Dept. of Arts and Culture
To support local arts nonprofits and the communities they serve, the Los Angeles County Department of Arts and Culture or Arts and Culture has announced more than $6.4M in grants to 318 nonprofit organizations through its 2024-2025 Organizational Grant Program and Community Arts Impact Grant awards.
Thanks to leadership from the Board of Supervisors, there was a larger allocation of funding this year, due to a $1.2M increase to the organizational grant program or OGP, the first increase in more than 15 years for LA County’s longest-running arts grant program. OGP grants will go to 238 organizations, 34 of which are first time applicants to the program. The total allocation for grantees this year is $5,668,000, and awards range from $700 to $122,300.

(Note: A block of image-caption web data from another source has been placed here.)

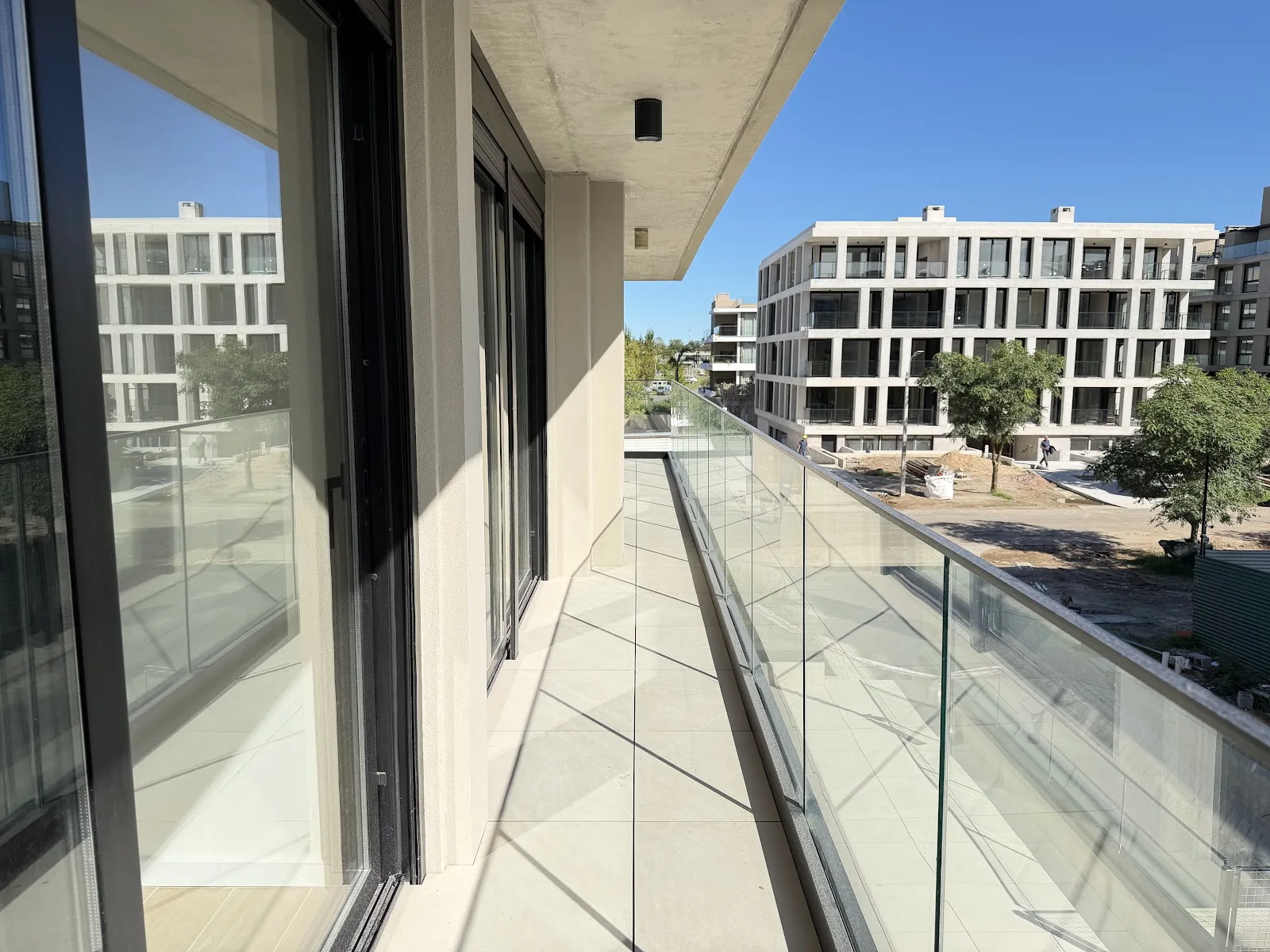 Alquiler - Apartamento con Garaje - Barrio Parques entre San Nicolás y Los Olivos - 2 Dormitorios (32)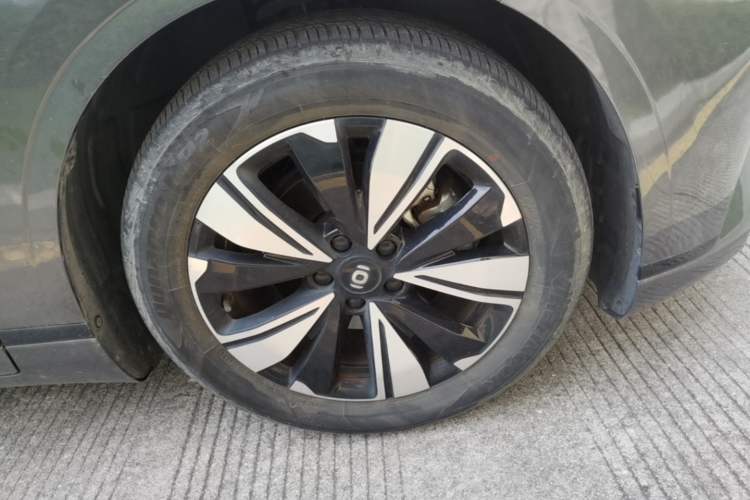 Used CHANGAN NEVO A07 2023 Range-Extended 200 Max Exterior 4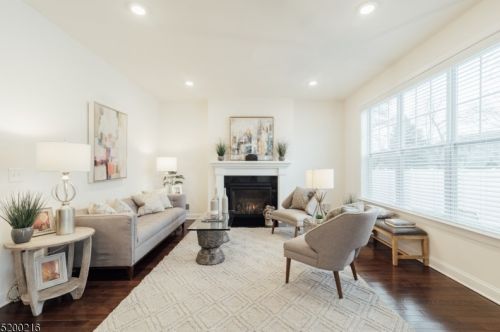 38 Walnut St, Little Falls NJ  07424-1402 exterior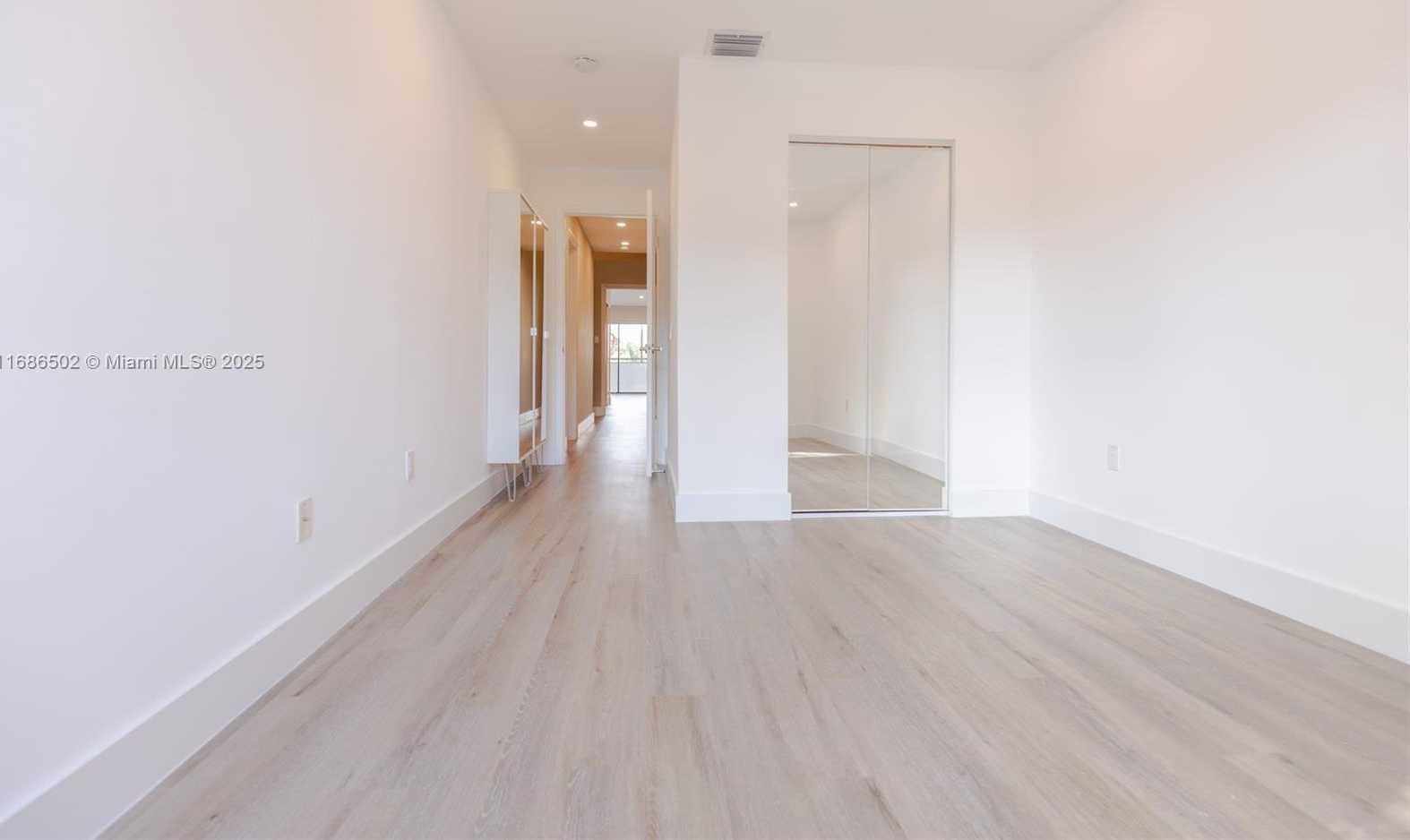 Small Image of 3525 MAGELLAN CIR #626, Aventura Number 27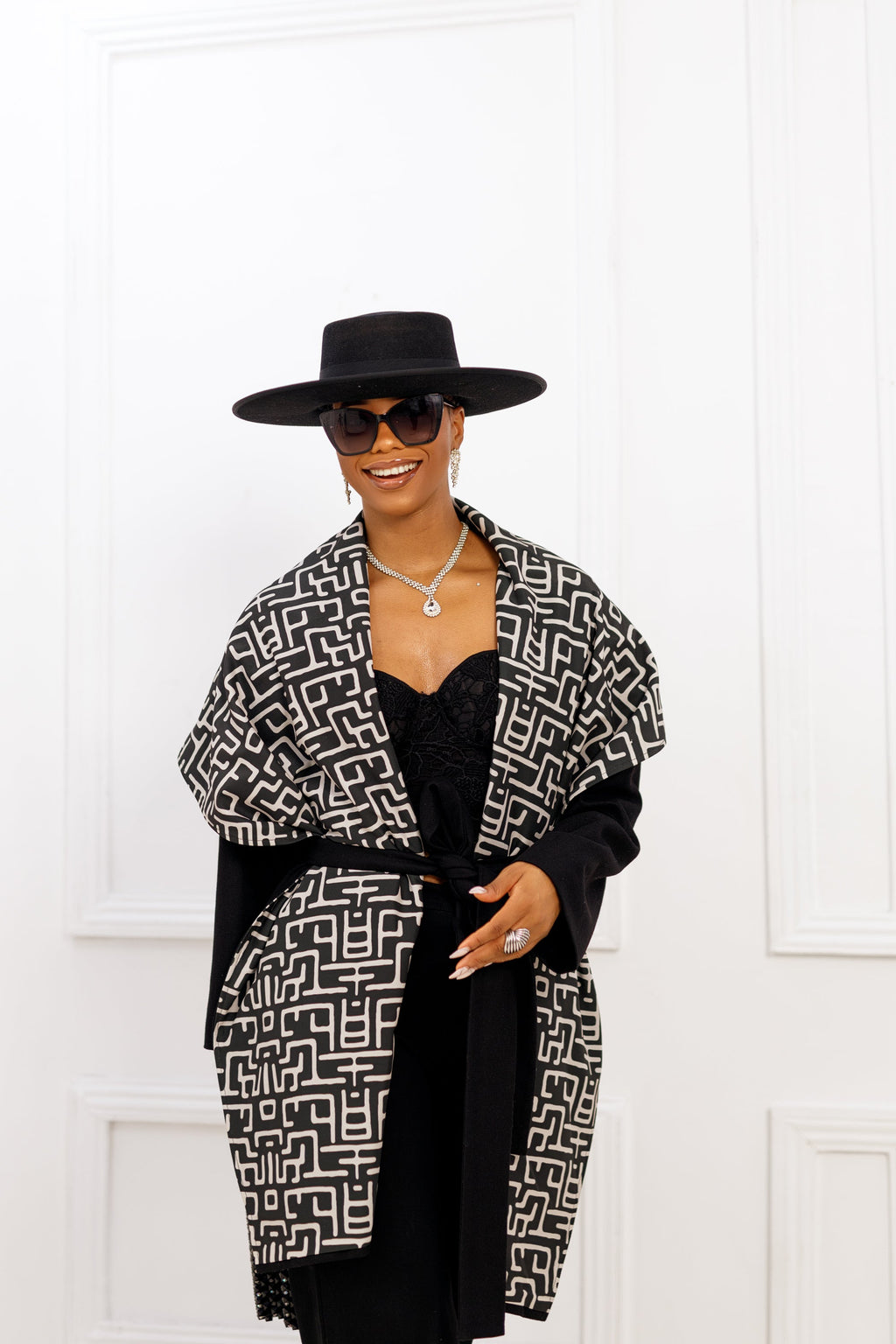 DONNA AFRICAN PRINT WOOL  PONCHO [BLACK]----FINAL SALE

OGP strengthens the Los Angeles region’s cultural ecosystem with funding to organizations of every artistic discipline, budget size, and geography. Grantees can use these funds to support critical needs, from staffing and organizational infrastructure to public arts programming in museums and visual arts, performing arts, film, arts education, arts service organizations, literary arts and more. Grantees can also access Arts and Culture’s slate of professional development opportunities—programs designed in-house, as well as scholarships for trainings and conferences. OGP addresses systemic inequity in arts funding; 94% of the organizations that were awarded have budgets under $5M and 50% of those have budgets under $200K. These organizations are often underfunded and include those that reflect and serve communities of color, historically marginalized, and rural communities.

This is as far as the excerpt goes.